PostgreSQL 9.3 comes with a pretty cool feature called materialized views. It has been created by Kevin Grittner and committed by the same person not so long ago.
commit 3bf3ab8c563699138be02f9dc305b7b77a724307
Author: Kevin Grittner
Date: Sun Mar 3 18:23:31 2013 -0600
 
Add a materialized view relations.
 
A materialized view has a rule just like a view and a heap and
other physical properties like a table. The rule is only used to
populate the table, references in queries refer to the
materialized data.
 
This is a minimal implementation, but should still be useful in
many cases. Currently data is only populated "on demand" by the
CREATE MATERIALIZED VIEW and REFRESH MATERIALIZED VIEW statements.
It is expected that future releases will add incremental updates
with various timings, and that a more refined concept of defining
what is "fresh" data will be developed. At some point it may even
be possible to have queries use a materialized in place of
references to underlying tables, but that requires the other
above-mentioned features to be working first.
 
Much of the documentation work by Robert Haas.
Review by Noah Misch, Thom Brown, Robert Haas, Marko Tiikkaja
Security review by KaiGai Kohei, with a decision on how best to
implement sepgsql still pending.

What is a materialized view? In short, it is the mutant of a table and a view. A view is a projection of data in a given relation and has no storage. A table is well… A table…
Between that, a materialized view is a projection of table data and has its own storage. It uses a query to fetch its data like a view, but this data is stored like a common table. The materialized view can also be refreshed with updated data by running once again the query it uses for its projection, or have its data truncated. In the last case it is left in an non-scannable state. Also, as a materialized view has its proper storage, it can use tablespaces and its own indexes. Note that it can also be an unlogged relation.

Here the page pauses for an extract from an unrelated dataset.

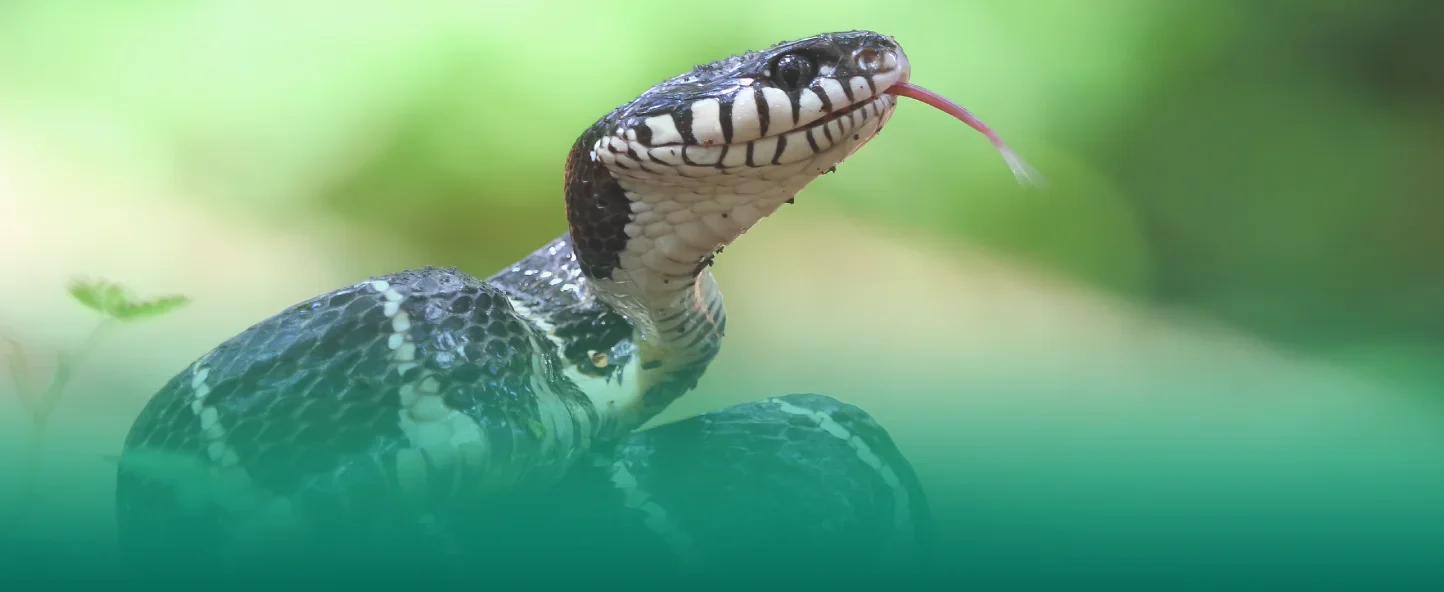 Debunking Myths About Snake Bites
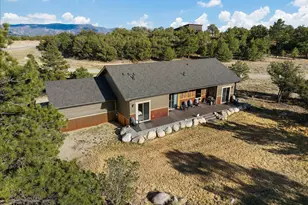 14982 Mary Murphy Dr, Nathrop, CO 81236 - Photo 31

This feature introduces four new SQL commands:

CREATE, ALTER and DROP are common DDL commands here to manipulate the definition of materialized views. What is important here is the new command REFRESH (its name has been a long debate inside the community). This command can be used to update the materialized view with fresh data by running once again the scanning query. Note that REFRESH can also be used to *truncate* (not really though) the data of the relation by running it with the clause WITH NO DATA.

Materialized views have their own advantages in many scenarios: faster access to data than needs to be brought from a remote server (read a file on postgres server through file_fdw, etc.), using data that needs to be refreshed periodically (cache system), projecting data with embedded ORDER BY from a large table, running an expensive join in background periodically, etc.

I can also imagine some nice combinations with data refresh and custom background workers. Who said that automatic data refresh on a materialized view was not possible?

Now let’s have a look at how it works.
postgres=# CREATE TABLE aa AS SELECT generate_series(1,1000000) AS a;
SELECT 1000000
postgres=# CREATE VIEW aav AS SELECT * FROM aa WHERE a <= 500000;
CREATE VIEW
postgres=# CREATE MATERIALIZED VIEW aam AS SELECT * FROM aa WHERE a <= 500000;
SELECT 500000

Here is the size that each relation uses.
postgres=# SELECT pg_relation_size('aa') AS tab_size, pg_relation_size('aav') AS view_size, pg_relation_size('aam') AS matview_size;
tab_size | view_size | matview_size
----------+-----------+--------------
36249600 | 0 | 18137088
(1 row)

A materialized view uses storage (here 18M), as much as it needs to store the data it fetched from its parent table (with size of 36M) when running the view query.

The refresh of a materialized view can be controlled really easily.
postgres=# DELETE FROM aa WHERE a <= 500000;
DELETE 500000
postgres=# SELECT count(*) FROM aam;
count
--------
500000
(1 row)
postgres=# REFRESH MATERIALIZED VIEW aam;
REFRESH MATERIALIZED VIEW
postgres=# SELECT count(*) FROM aam;
count
-------
0
(1 row)

The new status of table aa is effective on its materialized view aam only once REFRESH has been kicked. Note that at the time of this post, REFRESH uses an exclusive lock (ugh...).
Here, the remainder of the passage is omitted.